Paolo's opens in Brunswick with Jersey-style pizza and house-made pasta
Paolo’s has opened inside Brunswick’s Fort Andross Mill with Jersey-style clam pizza, house-made pasta and a room built for everyday dinners. The team behind Dutchman’s says the longer build was worth it.

Paolo’s has opened in Brunswick’s Fort Andross Mill complex at 14 Maine St., bringing a New Jersey-style Italian restaurant from the operators behind the wood-fired bagel shop Dutchman’s. Co-owner Jeremy Kratzer named the restaurant for his late grandfather, and he said the opening took longer than originally planned because the team wanted the guest experience to feel right, not merely fast.
That patience shows in the room and the menu. Paolo’s was designed to balance polish with approachability, a fit for a historic mill setting that can handle both a regular weeknight crowd and diners looking for a more deliberate meal. The kitchen is using the wood-fired oven left behind by Nomad pizzeria to turn out three 12-inch pies: margherita, carbonara and a thinner Roman-style Jersey clam pizza.

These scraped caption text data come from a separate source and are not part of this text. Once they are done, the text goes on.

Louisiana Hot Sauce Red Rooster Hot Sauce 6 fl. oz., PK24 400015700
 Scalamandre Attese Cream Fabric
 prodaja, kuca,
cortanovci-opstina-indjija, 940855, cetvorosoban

Pizza is only the opening act. Paolo’s also serves a daily house-made pasta, chicken Parmesan with either vodka sauce or house marinara, a dry-aged bone-in New York strip and charred broccolini with whipped ricotta. The beverage list keeps the range broad without getting fussy, with beer and wine by the glass priced at $13 and bottles at $40. Kratzer described the overall vibe as “highbrow-lowbrow,” a shorthand that fits a menu meant to sit comfortably between neighborhood ease and destination dining.
The dining room adds to that feel with a 15-foot communal cherry table, and the staff mix brings together kitchen, dessert and bar experience from people who have worked in different restaurant settings. That combination gives Paolo’s a broader reach than a simple pizza stop, with enough pasta, steak and vegetable plates to pull in diners who want a fuller Italian-American meal inside the mill.
For Brunswick, the opening gives Fort Andross another reason to draw people across town for dinner. Paolo’s does not read like a quick-turn launch; it feels built to settle into the everyday life of the building, with the oven, the pasta and the room all pointed toward the same idea.